Web page caption snippets:
====

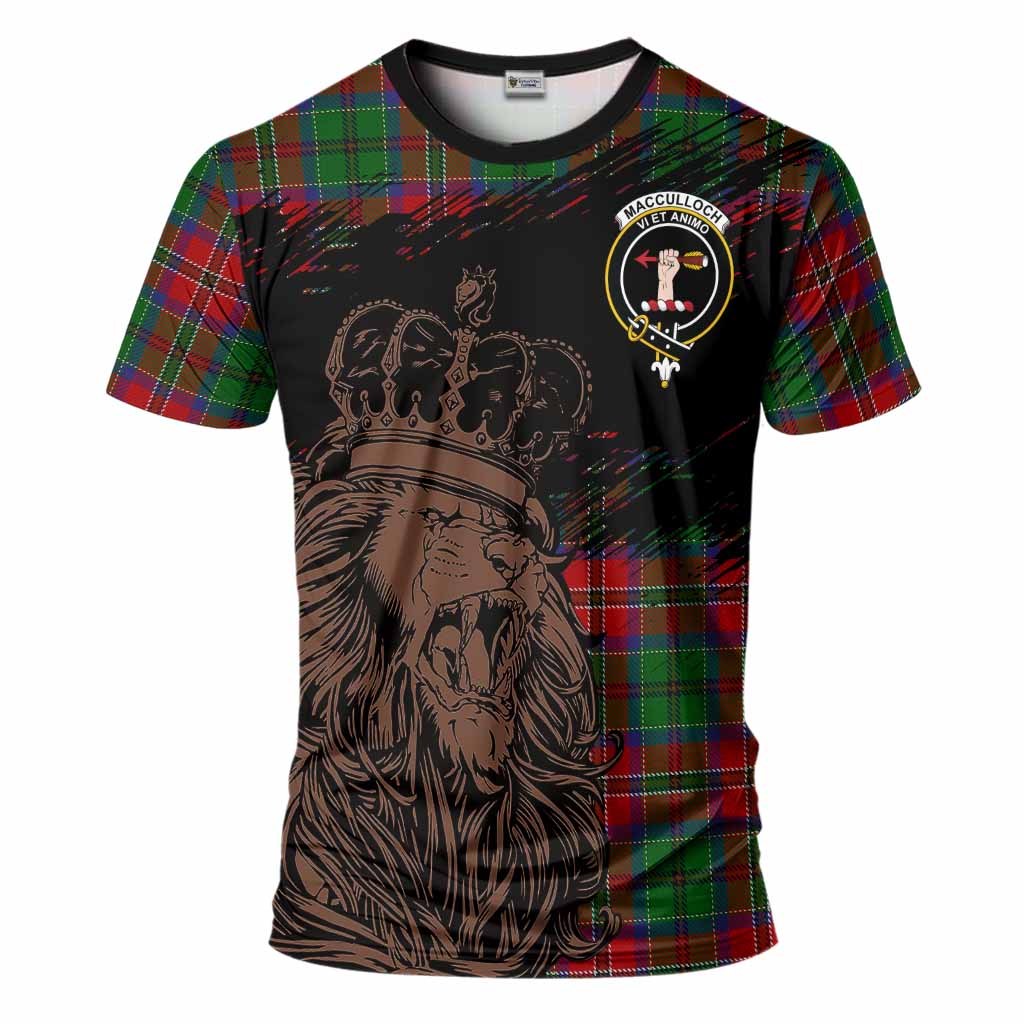 MacCulloch (McCulloch) Tartan Crest T-Shirt Crowned Lion Heritage Style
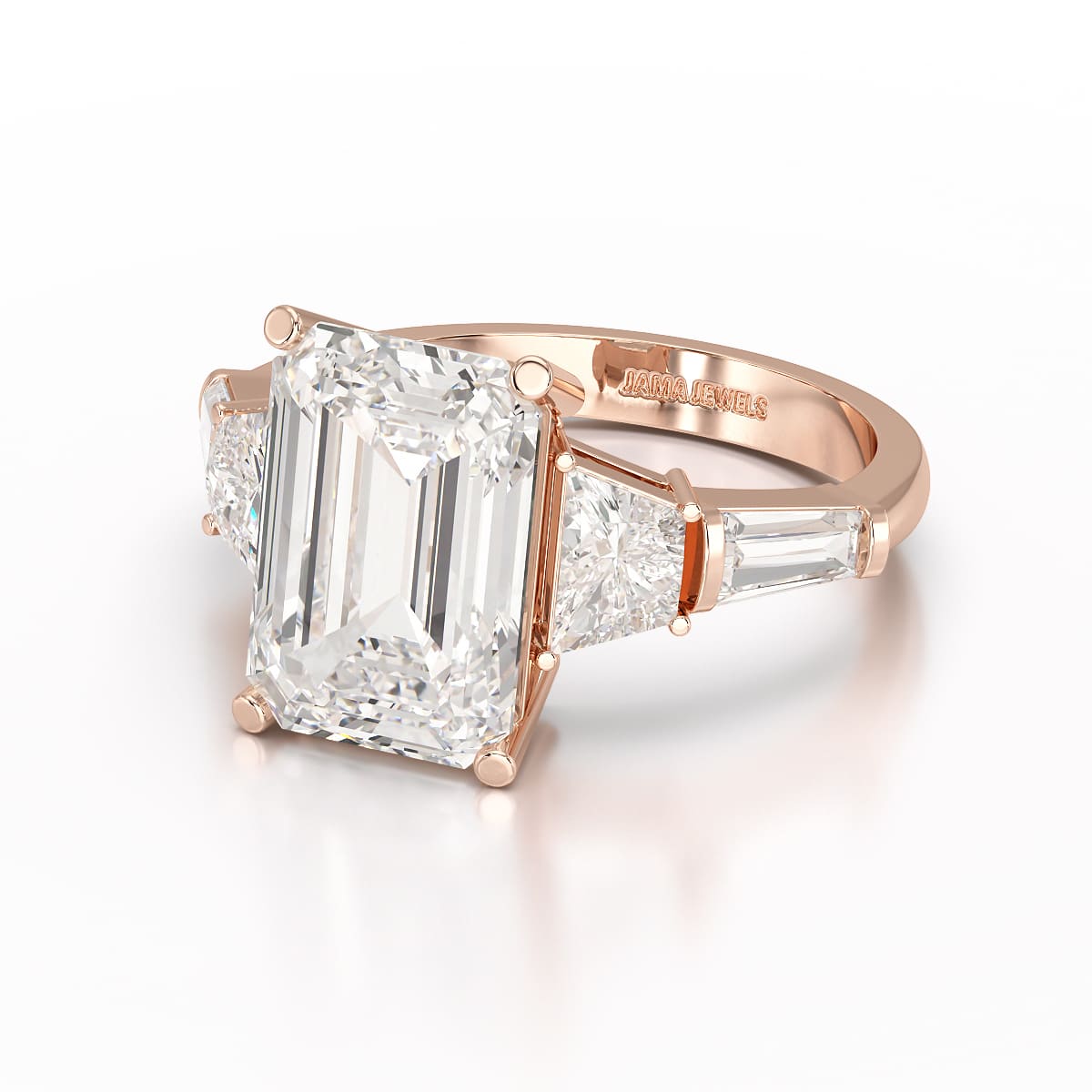 6.6 CT Lab Diamond Emerald and Tapper Cut Ring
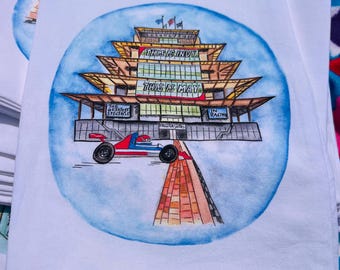Strofinaccio da cucina Indianapolis Motor Speedway, Strofinaccio da cucina Indy 500 Pagoda, Regalo a tema corse di Indianapolis, Souvenir dell'Indiana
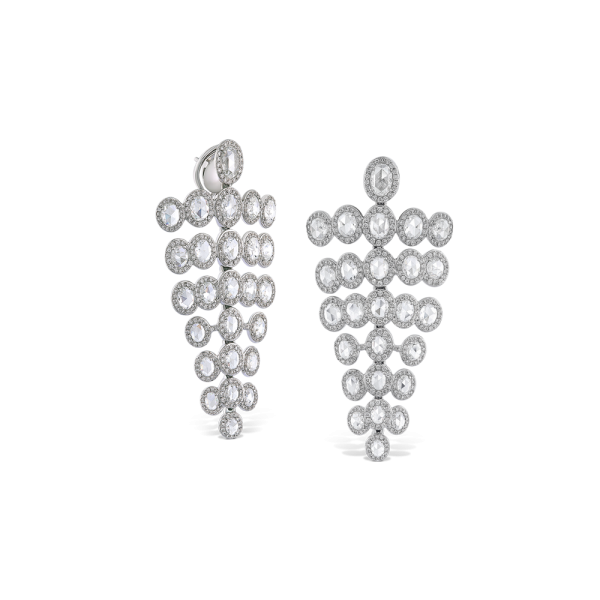 Rose Cut Diamond Chandelier Drop Earrings; featuring 7.18cts oval rose-cut diamonds surrounded by 2.09cts round brilliant cut diamonds, 9.27 carat total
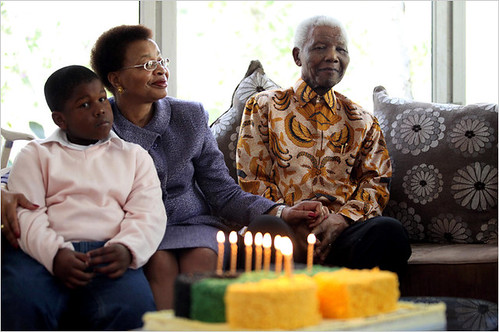 Former South African President and ANC leader Nelson Mandela along with his wife Graca Machel and his grandson. by Pan-African News Wire File Photos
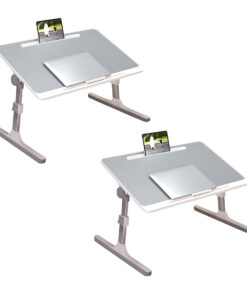 1-SOGA 2X 60X40cm Grey Small Laptop Bed Portable Foldable Study Table Adjustable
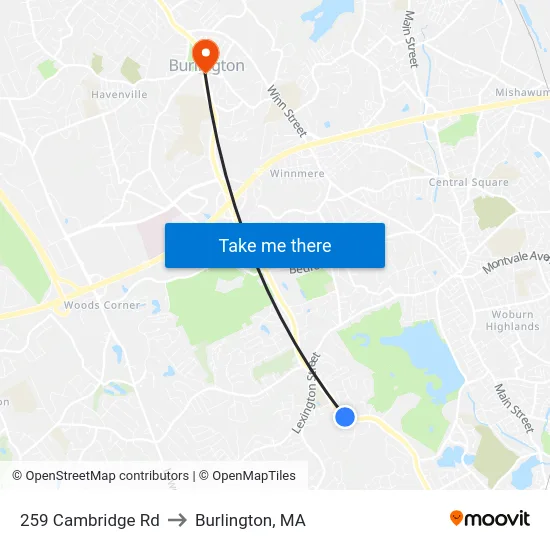 259 Cambridge Rd to Burlington, MA map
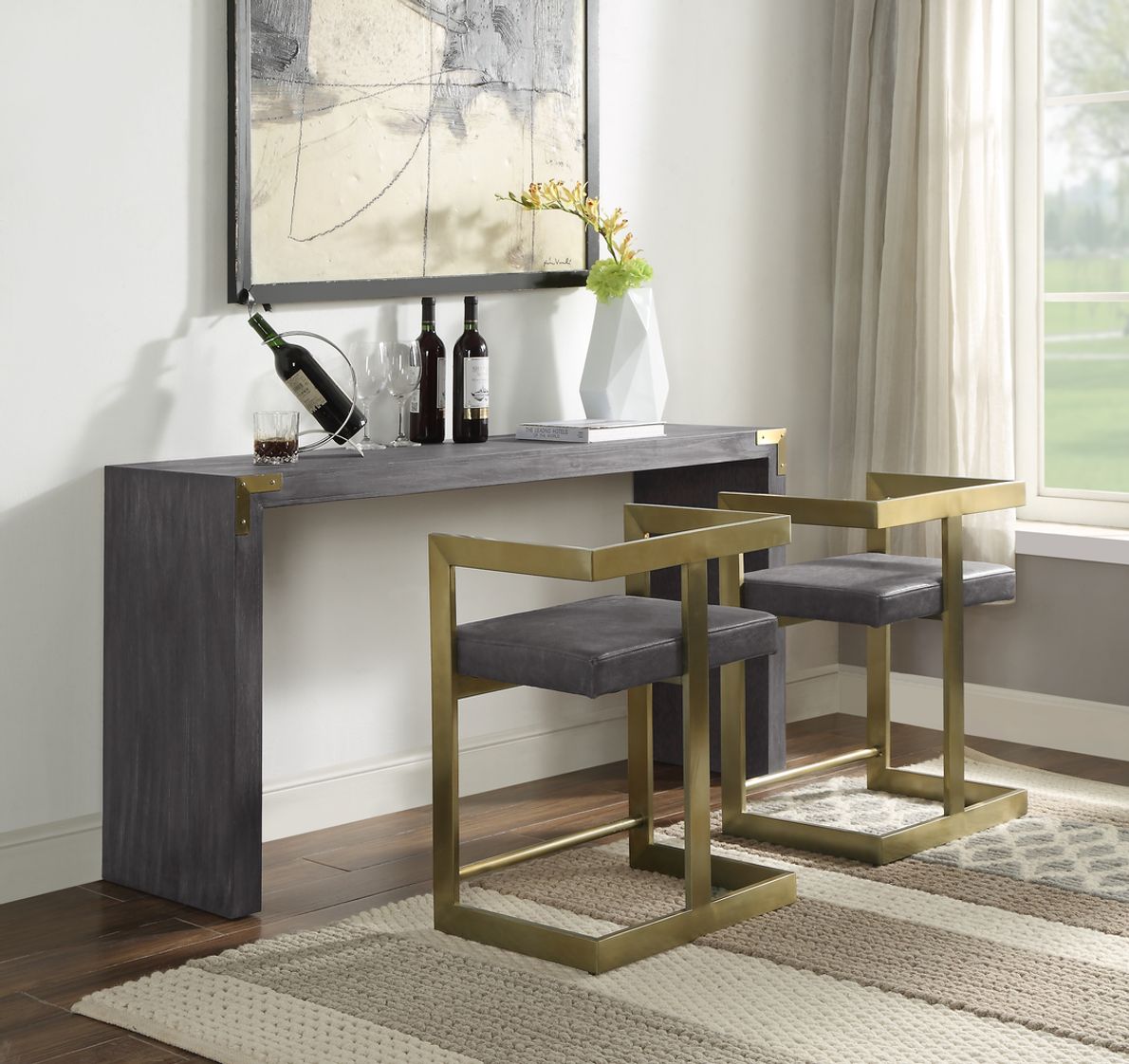 Console table with 2 stools hotsell
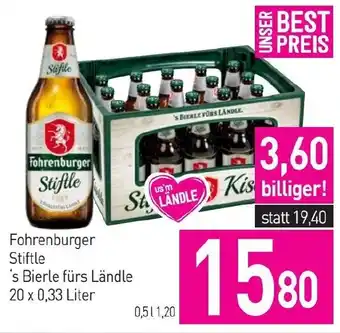Sutterlüty Fohrenburger Stiftle 's Bierle fürs Ländle 20 x 0,33 Liter Angebot
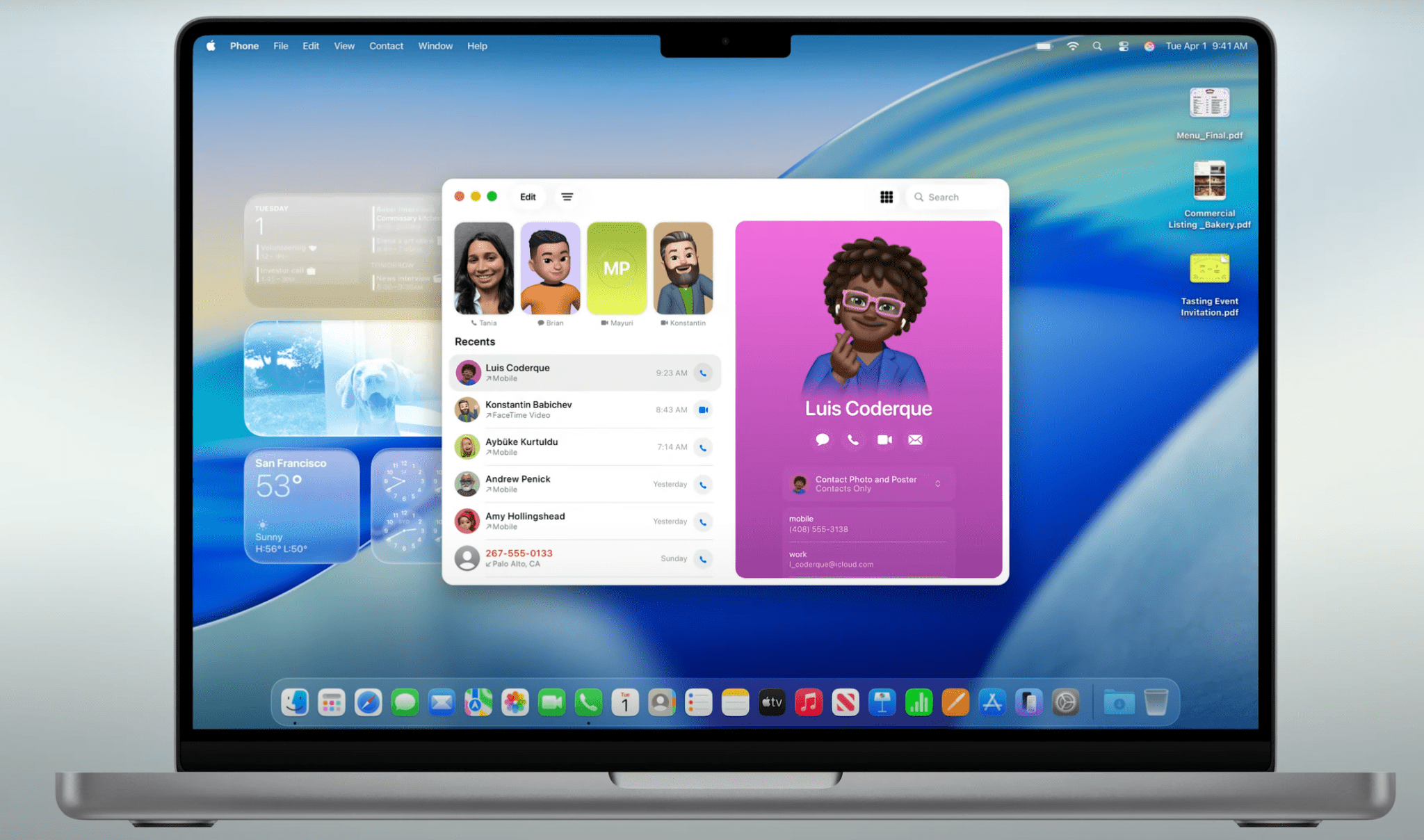 Mac에서 전화를 받는 macOS 26 Tahoe 전화 앱 이미지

====

▸ **Your assignment**
Would you repeat the entries exactly, but with no pictures?

▸ **Result of the task**
 MacCulloch (McCulloch) Tartan Crest T-Shirt Crowned Lion Heritage Style
 6.6 CT Lab Diamond Emerald and Tapper Cut Ring
Strofinaccio da cucina Indianapolis Motor Speedway, Strofinaccio da cucina Indy 500 Pagoda, Regalo a tema corse di Indianapolis, Souvenir dell'Indiana
 Rose Cut Diamond Chandelier Drop Earrings; featuring 7.18cts oval rose-cut diamonds surrounded by 2.09cts round brilliant cut diamonds, 9.27 carat total
 Former South African President and ANC leader Nelson Mandela along with his wife Graca Machel and his grandson. by Pan-African News Wire File Photos
 1-SOGA 2X 60X40cm Grey Small Laptop Bed Portable Foldable Study Table Adjustable
 259 Cambridge Rd to Burlington, MA map
 Console table with 2 stools hotsell
Sutterlüty Fohrenburger Stiftle 's Bierle fürs Ländle 20 x 0,33 Liter Angebot
 Mac에서 전화를 받는 macOS 26 Tahoe 전화 앱 이미지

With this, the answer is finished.